START SUPPLIED DATA

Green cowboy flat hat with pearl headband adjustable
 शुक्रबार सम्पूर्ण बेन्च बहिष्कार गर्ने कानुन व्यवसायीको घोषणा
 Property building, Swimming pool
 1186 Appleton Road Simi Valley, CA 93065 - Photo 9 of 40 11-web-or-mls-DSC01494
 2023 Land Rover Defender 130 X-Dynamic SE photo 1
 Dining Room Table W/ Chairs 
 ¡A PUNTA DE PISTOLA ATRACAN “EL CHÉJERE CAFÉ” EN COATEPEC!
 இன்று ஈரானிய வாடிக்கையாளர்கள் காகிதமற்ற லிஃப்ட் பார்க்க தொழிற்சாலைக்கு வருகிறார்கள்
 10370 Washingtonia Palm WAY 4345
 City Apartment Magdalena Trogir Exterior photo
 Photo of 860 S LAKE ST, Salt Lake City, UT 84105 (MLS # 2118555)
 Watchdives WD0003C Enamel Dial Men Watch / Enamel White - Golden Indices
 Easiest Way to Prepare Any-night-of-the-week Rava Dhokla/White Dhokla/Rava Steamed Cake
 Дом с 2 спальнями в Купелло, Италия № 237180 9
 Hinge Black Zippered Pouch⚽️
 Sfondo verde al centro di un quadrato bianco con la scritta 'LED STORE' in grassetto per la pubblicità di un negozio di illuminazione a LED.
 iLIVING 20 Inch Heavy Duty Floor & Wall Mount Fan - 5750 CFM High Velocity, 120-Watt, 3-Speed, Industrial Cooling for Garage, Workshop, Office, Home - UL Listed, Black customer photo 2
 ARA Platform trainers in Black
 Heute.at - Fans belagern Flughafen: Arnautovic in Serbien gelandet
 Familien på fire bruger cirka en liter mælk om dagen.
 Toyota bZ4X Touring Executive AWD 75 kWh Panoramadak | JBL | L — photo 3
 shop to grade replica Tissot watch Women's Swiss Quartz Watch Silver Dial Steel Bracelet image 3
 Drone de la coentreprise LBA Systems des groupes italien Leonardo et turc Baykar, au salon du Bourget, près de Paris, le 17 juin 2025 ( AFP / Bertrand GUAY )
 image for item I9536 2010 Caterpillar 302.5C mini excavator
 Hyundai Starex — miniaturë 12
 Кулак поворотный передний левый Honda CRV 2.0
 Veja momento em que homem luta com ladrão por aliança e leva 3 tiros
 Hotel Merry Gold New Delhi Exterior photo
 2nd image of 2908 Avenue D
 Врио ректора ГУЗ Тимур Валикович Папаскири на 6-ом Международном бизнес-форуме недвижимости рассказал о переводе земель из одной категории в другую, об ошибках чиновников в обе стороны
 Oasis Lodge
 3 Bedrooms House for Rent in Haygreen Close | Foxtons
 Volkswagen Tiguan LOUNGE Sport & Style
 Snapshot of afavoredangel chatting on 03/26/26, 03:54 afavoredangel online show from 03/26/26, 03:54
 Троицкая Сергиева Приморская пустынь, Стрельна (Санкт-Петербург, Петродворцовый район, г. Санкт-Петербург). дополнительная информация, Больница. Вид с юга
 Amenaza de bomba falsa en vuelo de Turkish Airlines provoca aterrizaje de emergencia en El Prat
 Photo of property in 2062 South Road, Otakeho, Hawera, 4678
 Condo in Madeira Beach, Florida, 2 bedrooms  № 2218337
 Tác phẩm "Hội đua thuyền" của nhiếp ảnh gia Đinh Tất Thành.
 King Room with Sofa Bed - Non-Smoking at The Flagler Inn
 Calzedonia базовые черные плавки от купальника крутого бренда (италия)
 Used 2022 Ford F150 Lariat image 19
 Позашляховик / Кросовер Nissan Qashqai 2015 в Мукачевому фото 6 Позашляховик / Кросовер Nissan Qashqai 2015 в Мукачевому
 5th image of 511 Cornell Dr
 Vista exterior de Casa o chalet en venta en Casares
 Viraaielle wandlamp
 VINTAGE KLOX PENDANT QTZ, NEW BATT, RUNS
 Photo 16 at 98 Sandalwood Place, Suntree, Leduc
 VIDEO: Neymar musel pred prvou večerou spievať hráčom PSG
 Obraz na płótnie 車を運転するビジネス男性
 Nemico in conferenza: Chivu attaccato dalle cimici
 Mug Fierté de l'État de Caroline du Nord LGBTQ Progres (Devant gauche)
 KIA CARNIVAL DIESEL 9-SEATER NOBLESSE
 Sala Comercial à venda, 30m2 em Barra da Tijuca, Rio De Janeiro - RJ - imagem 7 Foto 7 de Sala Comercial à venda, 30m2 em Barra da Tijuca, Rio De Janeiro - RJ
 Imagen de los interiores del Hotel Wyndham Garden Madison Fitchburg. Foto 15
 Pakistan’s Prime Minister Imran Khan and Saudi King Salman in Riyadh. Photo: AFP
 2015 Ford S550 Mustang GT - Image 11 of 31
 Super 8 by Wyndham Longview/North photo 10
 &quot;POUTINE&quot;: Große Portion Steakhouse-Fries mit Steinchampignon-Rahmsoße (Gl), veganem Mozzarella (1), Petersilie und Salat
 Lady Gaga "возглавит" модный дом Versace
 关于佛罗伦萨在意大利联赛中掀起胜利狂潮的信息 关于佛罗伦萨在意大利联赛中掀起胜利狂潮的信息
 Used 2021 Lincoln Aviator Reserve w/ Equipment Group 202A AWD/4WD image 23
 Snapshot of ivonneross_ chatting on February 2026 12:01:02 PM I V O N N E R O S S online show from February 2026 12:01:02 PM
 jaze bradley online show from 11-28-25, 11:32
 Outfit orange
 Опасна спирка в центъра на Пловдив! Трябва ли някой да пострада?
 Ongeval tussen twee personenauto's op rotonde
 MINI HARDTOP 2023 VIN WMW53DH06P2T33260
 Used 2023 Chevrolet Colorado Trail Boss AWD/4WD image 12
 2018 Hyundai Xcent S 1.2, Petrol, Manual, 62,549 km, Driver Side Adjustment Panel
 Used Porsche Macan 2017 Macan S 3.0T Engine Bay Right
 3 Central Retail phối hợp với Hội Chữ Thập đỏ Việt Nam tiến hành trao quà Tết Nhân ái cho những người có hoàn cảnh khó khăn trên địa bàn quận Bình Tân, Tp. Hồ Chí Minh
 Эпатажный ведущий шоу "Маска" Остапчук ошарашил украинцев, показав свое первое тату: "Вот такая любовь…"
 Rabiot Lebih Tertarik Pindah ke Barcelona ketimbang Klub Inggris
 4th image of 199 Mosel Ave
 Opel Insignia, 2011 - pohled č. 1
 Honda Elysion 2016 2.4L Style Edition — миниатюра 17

END SUPPLIED DATA

- **DESCRIPTION OF THE TASK**: Produce the entries above once more, identical in every detail.

- **OUTPUT BELOW**:
Green cowboy flat hat with pearl headband adjustable
 शुक्रबार सम्पूर्ण बेन्च बहिष्कार गर्ने कानुन व्यवसायीको घोषणा
 Property building, Swimming pool
 1186 Appleton Road Simi Valley, CA 93065 - Photo 9 of 40 11-web-or-mls-DSC01494
 2023 Land Rover Defender 130 X-Dynamic SE photo 1
 Dining Room Table W/ Chairs 
 ¡A PUNTA DE PISTOLA ATRACAN “EL CHÉJERE CAFÉ” EN COATEPEC!
 இன்று ஈரானிய வாடிக்கையாளர்கள் காகிதமற்ற லிஃப்ட் பார்க்க தொழிற்சாலைக்கு வருகிறார்கள்
 10370 Washingtonia Palm WAY 4345
 City Apartment Magdalena Trogir Exterior photo
 Photo of 860 S LAKE ST, Salt Lake City, UT 84105 (MLS # 2118555)
 Watchdives WD0003C Enamel Dial Men Watch / Enamel White - Golden Indices
 Easiest Way to Prepare Any-night-of-the-week Rava Dhokla/White Dhokla/Rava Steamed Cake
 Дом с 2 спальнями в Купелло, Италия № 237180 9
 Hinge Black Zippered Pouch⚽️
 Sfondo verde al centro di un quadrato bianco con la scritta 'LED STORE' in grassetto per la pubblicità di un negozio di illuminazione a LED.
 iLIVING 20 Inch Heavy Duty Floor & Wall Mount Fan - 5750 CFM High Velocity, 120-Watt, 3-Speed, Industrial Cooling for Garage, Workshop, Office, Home - UL Listed, Black customer photo 2
 ARA Platform trainers in Black
 Heute.at - Fans belagern Flughafen: Arnautovic in Serbien gelandet
 Familien på fire bruger cirka en liter mælk om dagen.
 Toyota bZ4X Touring Executive AWD 75 kWh Panoramadak | JBL | L — photo 3
 shop to grade replica Tissot watch Women's Swiss Quartz Watch Silver Dial Steel Bracelet image 3
 Drone de la coentreprise LBA Systems des groupes italien Leonardo et turc Baykar, au salon du Bourget, près de Paris, le 17 juin 2025 ( AFP / Bertrand GUAY )
 image for item I9536 2010 Caterpillar 302.5C mini excavator
 Hyundai Starex — miniaturë 12
 Кулак поворотный передний левый Honda CRV 2.0
 Veja momento em que homem luta com ladrão por aliança e leva 3 tiros
 Hotel Merry Gold New Delhi Exterior photo
 2nd image of 2908 Avenue D
 Врио ректора ГУЗ Тимур Валикович Папаскири на 6-ом Международном бизнес-форуме недвижимости рассказал о переводе земель из одной категории в другую, об ошибках чиновников в обе стороны
 Oasis Lodge
 3 Bedrooms House for Rent in Haygreen Close | Foxtons
 Volkswagen Tiguan LOUNGE Sport & Style
 Snapshot of afavoredangel chatting on 03/26/26, 03:54 afavoredangel online show from 03/26/26, 03:54
 Троицкая Сергиева Приморская пустынь, Стрельна (Санкт-Петербург, Петродворцовый район, г. Санкт-Петербург). дополнительная информация, Больница. Вид с юга
 Amenaza de bomba falsa en vuelo de Turkish Airlines provoca aterrizaje de emergencia en El Prat
 Photo of property in 2062 South Road, Otakeho, Hawera, 4678
 Condo in Madeira Beach, Florida, 2 bedrooms  № 2218337
 Tác phẩm "Hội đua thuyền" của nhiếp ảnh gia Đinh Tất Thành.
 King Room with Sofa Bed - Non-Smoking at The Flagler Inn
 Calzedonia базовые черные плавки от купальника крутого бренда (италия)
 Used 2022 Ford F150 Lariat image 19
 Позашляховик / Кросовер Nissan Qashqai 2015 в Мукачевому фото 6 Позашляховик / Кросовер Nissan Qashqai 2015 в Мукачевому
 5th image of 511 Cornell Dr
 Vista exterior de Casa o chalet en venta en Casares
 Viraaielle wandlamp
 VINTAGE KLOX PENDANT QTZ, NEW BATT, RUNS
 Photo 16 at 98 Sandalwood Place, Suntree, Leduc
 VIDEO: Neymar musel pred prvou večerou spievať hráčom PSG
 Obraz na płótnie 車を運転するビジネス男性
 Nemico in conferenza: Chivu attaccato dalle cimici
 Mug Fierté de l'État de Caroline du Nord LGBTQ Progres (Devant gauche)
 KIA CARNIVAL DIESEL 9-SEATER NOBLESSE
 Sala Comercial à venda, 30m2 em Barra da Tijuca, Rio De Janeiro - RJ - imagem 7 Foto 7 de Sala Comercial à venda, 30m2 em Barra da Tijuca, Rio De Janeiro - RJ
 Imagen de los interiores del Hotel Wyndham Garden Madison Fitchburg. Foto 15
 Pakistan’s Prime Minister Imran Khan and Saudi King Salman in Riyadh. Photo: AFP
 2015 Ford S550 Mustang GT - Image 11 of 31
 Super 8 by Wyndham Longview/North photo 10
 &quot;POUTINE&quot;: Große Portion Steakhouse-Fries mit Steinchampignon-Rahmsoße (Gl), veganem Mozzarella (1), Petersilie und Salat
 Lady Gaga "возглавит" модный дом Versace
 关于佛罗伦萨在意大利联赛中掀起胜利狂潮的信息 关于佛罗伦萨在意大利联赛中掀起胜利狂潮的信息
 Used 2021 Lincoln Aviator Reserve w/ Equipment Group 202A AWD/4WD image 23
 Snapshot of ivonneross_ chatting on February 2026 12:01:02 PM I V O N N E R O S S online show from February 2026 12:01:02 PM
 jaze bradley online show from 11-28-25, 11:32
 Outfit orange
 Опасна спирка в центъра на Пловдив! Трябва ли някой да пострада?
 Ongeval tussen twee personenauto's op rotonde
 MINI HARDTOP 2023 VIN WMW53DH06P2T33260
 Used 2023 Chevrolet Colorado Trail Boss AWD/4WD image 12
 2018 Hyundai Xcent S 1.2, Petrol, Manual, 62,549 km, Driver Side Adjustment Panel
 Used Porsche Macan 2017 Macan S 3.0T Engine Bay Right
 3 Central Retail phối hợp với Hội Chữ Thập đỏ Việt Nam tiến hành trao quà Tết Nhân ái cho những người có hoàn cảnh khó khăn trên địa bàn quận Bình Tân, Tp. Hồ Chí Minh
 Эпатажный ведущий шоу "Маска" Остапчук ошарашил украинцев, показав свое первое тату: "Вот такая любовь…"
 Rabiot Lebih Tertarik Pindah ke Barcelona ketimbang Klub Inggris
 4th image of 199 Mosel Ave
 Opel Insignia, 2011 - pohled č. 1
 Honda Elysion 2016 2.4L Style Edition — миниатюра 17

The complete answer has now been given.